● **Activity**
In the records that follow, find the line with "Casa · 284m²"; from there, retype every line exactly through the line with "Empire Blackpool Apartments - Tyldesley Rd", which also belongs to the answer.

● **Dataset entries**
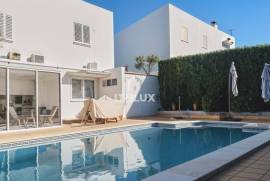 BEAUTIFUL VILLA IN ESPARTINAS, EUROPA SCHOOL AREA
==
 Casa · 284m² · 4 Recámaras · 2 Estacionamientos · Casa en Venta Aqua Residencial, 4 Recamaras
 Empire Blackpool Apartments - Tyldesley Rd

● **Answer space**
 Casa · 284m² · 4 Recámaras · 2 Estacionamientos · Casa en Venta Aqua Residencial, 4 Recamaras
 Empire Blackpool Apartments - Tyldesley Rd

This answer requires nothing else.